September 1, 2014

Tools and Techniques for Index Design Webinar Questions Followup

I presented a webinar this week to give an overview of Tools and Techniques for Index Design. Even if you missed the webinar, you can register for it, and you’ll be emailed a link to the recording.

I’d like to invite folks who are interested in tools for query optimization to attend the new Percona online virtual training Analyzing SQL Queries with Percona Toolkit, October 29 – November 2, 2012. See http://store.percona.com/catalog.php?category=17 for details on this training class and how to register to attend.

During my webinar, I got a number of good questions. Here are the questions (paraphrased), with my answers.

Q: Can you link to the book on index optimization you mentioned in the webinar?

Sure!  The book is Relational Database Index Design and the Optimizers by Tapio Lahdenmäki and Michael Leach.

Also Baron Schwartz has written a good review of this book.

Q: Given that the book was written in 2005, before MySQL 5.1 and 5.5 were released, is it still relevant?

That book is designed to be RDBMS-neutral, and the concepts it covers apply to other products besides MySQL. The logical principles still hold true: using an index really means leveraging a pre-sorted data structure to reduce the work a query needs to do.  The basic data structure of an index hasn’t changed in recent releases.  So yes, the principles of this book are still relevant to current versions of MySQL.

Q: How do the upcoming changes in MySQL 5.6 change the best practices for index design?

Fundamentally, index design best practices will not change.  MySQL 5.6 is still in beta as of this writing, but the new version promises some exciting new ways that MySQL can use indexes, such as:

Q: Is it always the case that no second-star index exists for a query with both a GROUP BY and an ORDER BY clause?

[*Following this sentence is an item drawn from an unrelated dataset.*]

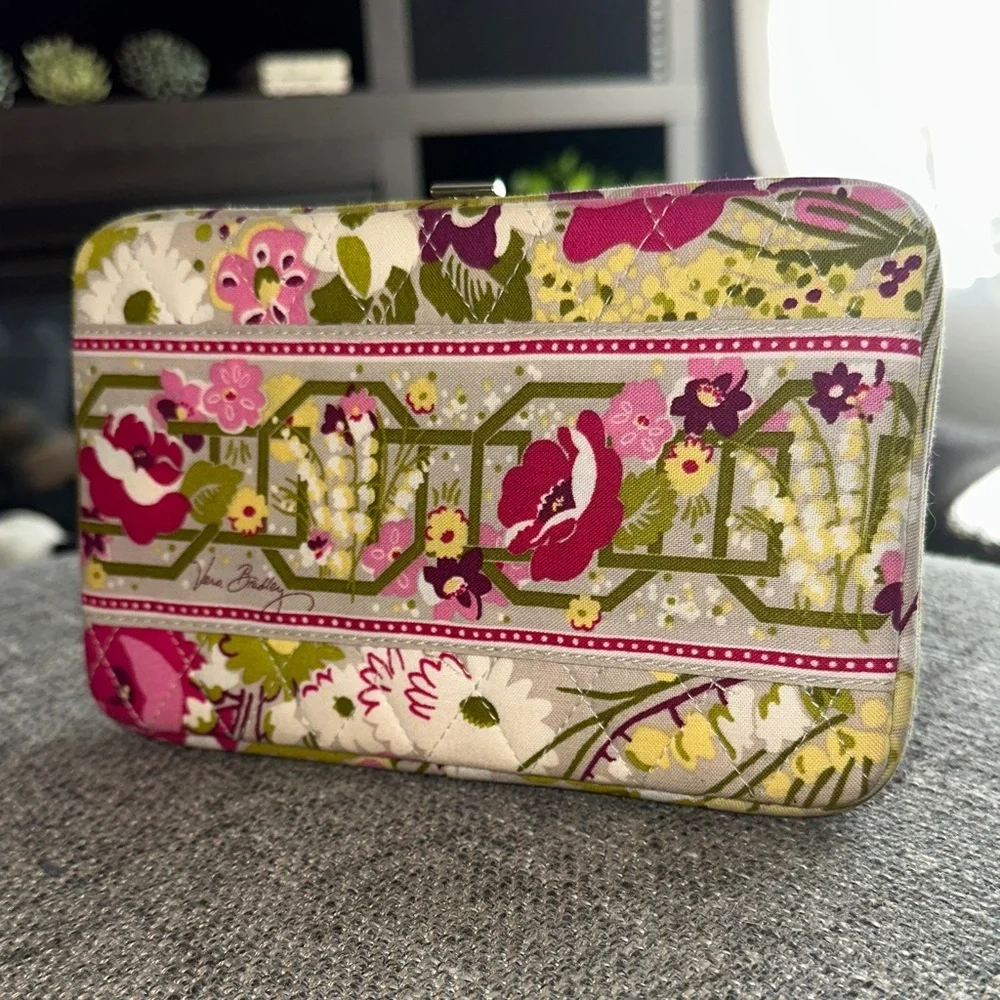 Vera Bradley Make Me Blush Pattern Opera Wallet Style Clutch Designer NWOT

Right; you’re stuck, unless your query groups by the same column as its sort column. You can optimize by adding the grouping column to your index, so all rows in a given group are read together. But doing so fixed the order in which rows are accessed, so if you need to sort by another column, it must collect the interim result set and sort it as a separate step. This is when we see “Using temporary; Using filesort” in the EXPLAIN report.

Hopefully, the size of this interim result set is relatively small, after the GROUP BY reduces it to one row per distinct value in the grouping column. Then sorting it may be more likely to happen in memory.

Q: Can you comment on the QUBE method for index estimation?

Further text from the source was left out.